# The Best Suit in the UK under £1,000 is...



## Rossini (Oct 7, 2007)

... for quality and value for money, presumably off-row bespoke?

I assume because it would need to fit well, that would exclude worthy OTR efforts from the likes of M&S or Acquascutum. Or even Reuben Alexander, for example.

Zegna MTM can be expensive though it would be my reference point, Gieves MTM is not necessarily well regarded (for the price), other MTMs have varied reviews.

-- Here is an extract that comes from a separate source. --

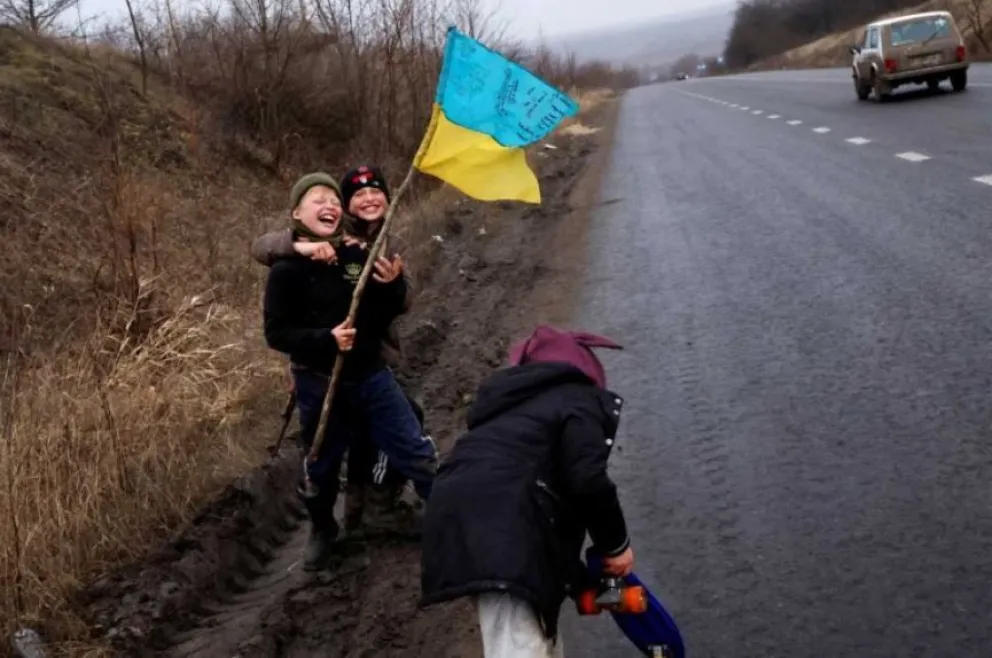 Moscú informó que 700.000 niños de las zonas de conflicto de Ucrania ahora están en Rusia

So, of the range of options out there, what would you choose today?


----------



## dfloyd (May 7, 2006)

*What about Ede and Ravenscroft?*

I've always admired the styling of their suits and sportcoats with hacking and ticket pockets. I can walk right into BB Regents and with sleeve adjustements, H&H shirts fit me well. If I go to the AAAC London event, I would like to try a couple of their suits. Any opinions from you London sartorilists about their suits and sportcoats? I don't feel I need MTM or bespoke, but would like something that looks really English.


----------



## Holdfast (Oct 30, 2005)

^ specifically to answer the comments about Ede, without making the claim that they're "best suit under £1000", which I think is a very difficult and possibly empty exercise to attempt.

Ede's MTM can be had for well under £1000 - closer to about £600 during their sales season. It's made by Wensum, like lots of the MTM from the Row, and is a very decent half-canvassed suit with a fair degree of customisation. The people measuring you will generally know what they're doing and you're likely to get decent, if often a bit conservative, advice. It will not be as good as good bespoke either in construction or fit, but is better than bad bespoke. 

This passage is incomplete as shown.